Orhan Pamuk – Biographical (Turkish)

Turkish

Orhan Pamukİstanbul adlı kitabımın bir yarısı şehirden söz eder, bir yarısı da yirmi iki yaşıma kadarki hayat hikayemdir. Kitabı yazıp bitirdiğimde aşırı bir hayal kırıklığına kapıldığımı hatırlıyorum. Kendi hayatımda anlatmak istediğim, vazgeçilmez bir hatıra olarak gördüğüm şeylerin onda birini bile İstanbul’a koyamamıştım. Yirmi iki yaşıma kadarki hayatımı özetleyen ve bambaşka hatıralarla kurulmuş yirmi cilt anı daha yazabilirdim. Otobiyografinin bir hatırlama yolu değil, unutma biçimi olduğunu o zaman anladım.

1952’de İstanbul’da doğdum. Dedem demiryolu inşaatlarından çok paralar kazanmış, fabrikalar kurmuş başarılı bir mühendis ve iş adamıydı. Babam da aynı şeyleri yaptı hayatta, ama para kazanmak yerine hep kaybetti. İstanbul’da özel okullarda liseyi bitirdim, üç yıl mimarlık okuduktan sonra yazar olmaya karar vererek bıraktım. Yedi ile yirmi iki yaşım arasında ressam olmak istemiştim. Çocukluk ve ilkgençlik yıllarımda ciddi bir şekilde, istekle, mutlulukla resim yaptım. Resme devam etmedim, ama sanatçı hayatından başkasını yaşamayacağımı da yirmi iki yaşımda biliyordum. Anlayamadığım bir nedenle yirmi iki yaşımda resim yapmayı bırakıp ilk romanım Cevdet Bey ve Oğulları’nı yazmaya başladım.
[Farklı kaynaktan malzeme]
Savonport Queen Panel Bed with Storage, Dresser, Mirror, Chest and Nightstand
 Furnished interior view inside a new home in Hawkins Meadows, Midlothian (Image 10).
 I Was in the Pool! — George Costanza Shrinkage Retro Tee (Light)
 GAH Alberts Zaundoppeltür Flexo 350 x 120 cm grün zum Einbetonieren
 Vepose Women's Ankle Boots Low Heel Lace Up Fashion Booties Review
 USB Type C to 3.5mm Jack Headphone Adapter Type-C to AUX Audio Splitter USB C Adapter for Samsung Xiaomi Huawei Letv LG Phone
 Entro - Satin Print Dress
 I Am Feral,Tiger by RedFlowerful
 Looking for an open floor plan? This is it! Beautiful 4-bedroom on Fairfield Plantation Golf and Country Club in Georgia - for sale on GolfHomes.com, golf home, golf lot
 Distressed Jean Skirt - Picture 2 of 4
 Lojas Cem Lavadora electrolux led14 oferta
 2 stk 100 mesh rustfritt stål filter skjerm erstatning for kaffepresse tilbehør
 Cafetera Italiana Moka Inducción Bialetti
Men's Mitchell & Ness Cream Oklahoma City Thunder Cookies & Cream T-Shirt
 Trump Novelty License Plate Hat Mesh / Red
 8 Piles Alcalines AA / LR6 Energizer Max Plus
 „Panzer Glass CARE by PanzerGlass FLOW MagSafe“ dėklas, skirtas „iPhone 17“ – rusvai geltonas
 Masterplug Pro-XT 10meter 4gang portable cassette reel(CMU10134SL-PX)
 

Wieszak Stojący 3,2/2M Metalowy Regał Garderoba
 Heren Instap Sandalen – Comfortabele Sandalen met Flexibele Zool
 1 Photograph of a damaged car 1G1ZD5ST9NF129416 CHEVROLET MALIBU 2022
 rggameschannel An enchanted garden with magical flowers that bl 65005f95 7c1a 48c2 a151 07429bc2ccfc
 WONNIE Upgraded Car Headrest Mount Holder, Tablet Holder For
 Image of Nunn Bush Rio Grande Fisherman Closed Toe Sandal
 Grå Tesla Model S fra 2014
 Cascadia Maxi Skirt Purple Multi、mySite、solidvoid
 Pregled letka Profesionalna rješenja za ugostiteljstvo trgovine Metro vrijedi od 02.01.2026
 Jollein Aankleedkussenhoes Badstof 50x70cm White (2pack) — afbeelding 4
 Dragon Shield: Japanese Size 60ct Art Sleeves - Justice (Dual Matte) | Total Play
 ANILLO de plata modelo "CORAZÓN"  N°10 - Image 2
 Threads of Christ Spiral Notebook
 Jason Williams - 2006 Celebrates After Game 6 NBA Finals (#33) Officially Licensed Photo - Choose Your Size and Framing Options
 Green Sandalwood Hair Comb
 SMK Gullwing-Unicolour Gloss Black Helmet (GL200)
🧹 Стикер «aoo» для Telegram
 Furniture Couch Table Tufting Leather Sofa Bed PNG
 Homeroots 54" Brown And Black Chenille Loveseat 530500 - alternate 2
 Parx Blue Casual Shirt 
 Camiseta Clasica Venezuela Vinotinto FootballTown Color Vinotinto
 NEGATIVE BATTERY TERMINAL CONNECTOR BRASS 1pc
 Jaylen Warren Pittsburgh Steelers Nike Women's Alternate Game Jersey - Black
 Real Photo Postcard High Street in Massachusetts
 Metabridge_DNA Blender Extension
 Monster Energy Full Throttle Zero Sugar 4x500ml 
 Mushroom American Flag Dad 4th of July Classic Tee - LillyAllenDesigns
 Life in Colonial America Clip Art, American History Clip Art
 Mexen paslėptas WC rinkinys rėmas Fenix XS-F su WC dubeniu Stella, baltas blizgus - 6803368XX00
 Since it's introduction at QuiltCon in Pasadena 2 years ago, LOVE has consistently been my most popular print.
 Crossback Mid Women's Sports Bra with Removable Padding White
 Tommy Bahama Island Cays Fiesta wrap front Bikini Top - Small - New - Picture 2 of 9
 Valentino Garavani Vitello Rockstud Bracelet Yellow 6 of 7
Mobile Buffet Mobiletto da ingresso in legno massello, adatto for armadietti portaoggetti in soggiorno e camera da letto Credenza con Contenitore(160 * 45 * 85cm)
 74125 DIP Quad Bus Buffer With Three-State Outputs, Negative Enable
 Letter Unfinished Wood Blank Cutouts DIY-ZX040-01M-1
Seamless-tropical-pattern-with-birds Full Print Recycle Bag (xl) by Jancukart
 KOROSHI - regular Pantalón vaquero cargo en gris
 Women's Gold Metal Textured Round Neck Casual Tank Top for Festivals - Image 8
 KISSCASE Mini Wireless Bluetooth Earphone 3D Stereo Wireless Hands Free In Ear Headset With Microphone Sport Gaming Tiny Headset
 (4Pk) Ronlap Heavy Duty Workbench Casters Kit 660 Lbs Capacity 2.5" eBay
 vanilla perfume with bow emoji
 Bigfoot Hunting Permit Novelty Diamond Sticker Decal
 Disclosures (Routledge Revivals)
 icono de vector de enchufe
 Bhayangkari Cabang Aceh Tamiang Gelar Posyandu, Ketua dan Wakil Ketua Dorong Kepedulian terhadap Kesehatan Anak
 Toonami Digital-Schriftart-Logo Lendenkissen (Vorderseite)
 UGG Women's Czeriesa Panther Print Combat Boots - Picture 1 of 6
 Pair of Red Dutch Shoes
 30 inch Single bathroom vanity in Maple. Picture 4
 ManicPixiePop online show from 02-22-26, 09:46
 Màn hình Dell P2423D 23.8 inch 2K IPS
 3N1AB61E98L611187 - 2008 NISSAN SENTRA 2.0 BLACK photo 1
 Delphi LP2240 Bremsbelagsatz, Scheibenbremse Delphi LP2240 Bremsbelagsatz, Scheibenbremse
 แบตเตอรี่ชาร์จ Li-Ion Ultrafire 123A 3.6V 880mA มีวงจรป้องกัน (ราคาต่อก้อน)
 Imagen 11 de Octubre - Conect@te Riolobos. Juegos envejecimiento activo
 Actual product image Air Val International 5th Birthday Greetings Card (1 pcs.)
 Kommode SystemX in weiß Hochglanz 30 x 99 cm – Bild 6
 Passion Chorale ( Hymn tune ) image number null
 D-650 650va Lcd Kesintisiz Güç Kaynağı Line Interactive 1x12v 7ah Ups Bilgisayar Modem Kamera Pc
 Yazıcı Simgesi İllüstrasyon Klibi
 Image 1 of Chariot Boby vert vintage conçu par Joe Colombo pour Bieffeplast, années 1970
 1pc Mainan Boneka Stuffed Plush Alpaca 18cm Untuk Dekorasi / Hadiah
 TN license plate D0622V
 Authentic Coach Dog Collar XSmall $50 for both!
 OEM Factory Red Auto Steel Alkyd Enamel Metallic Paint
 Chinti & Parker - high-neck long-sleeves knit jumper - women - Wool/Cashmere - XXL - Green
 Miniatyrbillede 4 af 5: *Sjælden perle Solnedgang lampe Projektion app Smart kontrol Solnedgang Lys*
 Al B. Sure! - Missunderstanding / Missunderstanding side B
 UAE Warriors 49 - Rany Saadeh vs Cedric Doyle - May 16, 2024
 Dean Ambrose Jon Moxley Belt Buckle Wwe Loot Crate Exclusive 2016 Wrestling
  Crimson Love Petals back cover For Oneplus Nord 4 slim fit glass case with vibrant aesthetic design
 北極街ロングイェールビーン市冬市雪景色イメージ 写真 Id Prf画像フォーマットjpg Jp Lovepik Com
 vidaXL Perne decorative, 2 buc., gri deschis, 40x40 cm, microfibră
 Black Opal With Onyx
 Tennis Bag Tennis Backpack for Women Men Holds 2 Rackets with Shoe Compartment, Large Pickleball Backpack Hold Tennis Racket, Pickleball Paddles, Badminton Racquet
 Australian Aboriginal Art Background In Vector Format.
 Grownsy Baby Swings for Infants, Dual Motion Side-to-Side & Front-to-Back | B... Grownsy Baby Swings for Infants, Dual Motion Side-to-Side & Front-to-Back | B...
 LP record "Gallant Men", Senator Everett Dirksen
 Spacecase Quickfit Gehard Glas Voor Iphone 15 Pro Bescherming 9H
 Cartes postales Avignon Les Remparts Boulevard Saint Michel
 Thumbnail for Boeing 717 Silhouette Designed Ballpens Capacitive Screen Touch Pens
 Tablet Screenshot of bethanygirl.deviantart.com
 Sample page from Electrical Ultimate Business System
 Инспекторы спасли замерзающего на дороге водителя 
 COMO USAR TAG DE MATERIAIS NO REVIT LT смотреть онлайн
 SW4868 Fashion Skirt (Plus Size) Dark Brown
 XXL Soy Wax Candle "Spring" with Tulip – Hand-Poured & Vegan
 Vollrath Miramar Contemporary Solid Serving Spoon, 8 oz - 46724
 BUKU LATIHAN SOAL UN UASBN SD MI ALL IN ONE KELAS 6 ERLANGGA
Anlayamadığım bu nedeni, yıllar sonra anlamak için İstanbul adlı kitabımı yazdım.

Elli dört yaşıma kadarki hayatımı düşününce, bir masaya oturup durmadan mutluluk ve mutsuzlukla çalışan biri geliyor gözümüm önüne. Kitaplarımı özenle, sabırla, iyi niyetle ve onlara hep inanarak yazdım. Başarı, ün, mesleki mutluluk … Bunlar kolay gelmedi. Şimdi kitaplarım 55 dile çevriliyor, ama en çok ilk kitabımı Türkiye’de yayımlatabilmek için uğraştım. Türkiye’de, ilk kitabım Cevdet Bey ve Oğulları’nı yayımlatabilmek için dört yıl yayımcı aradım. Yayımlanmamış romanlara verilen bir ödülü kazanmış olmasına rağmen …

İlk kitabımın yayımlandığı günlerde, 1982’de Aylin Türegün ile evlendim. İstanbul’un aynı Batılılaşmış, zengince mahallesinde büyüyüp aynı okullara –daha birbirimizi tanımadan önce- gitmiş ve aynı sokaklarda büyümüş biriyle evlendiğim için bir Türk gibi, “köyümden bir kız ile evlendim” diye takılırdım ben ona. 1991’de bir kızım oldu, Kara Kitap‘ın kahramanı Rüya’nın adını verdik ona.

Hayatta yazı yazmaktan başka bir iş yapmadım. 1985 ile 1988 arasında, karım orada doktora yaptığı için New York’ta, Columbia Üniversitesi’nde visiting scholar olarak bulundum. Amerikan kütüphanelerinin, kitapçılarının, müzelerinin zenginliği beni hep heyecanlandırmıştır. Karımdan 2002 yılında ayrıldım. Hala en iyi arkadaşım o ve kızımdır. 2006 yılında, Nobel Ödülü’nden bir ay önce, Columbia Üniversitesi’nde senede bir dönem ders vermeye başladım.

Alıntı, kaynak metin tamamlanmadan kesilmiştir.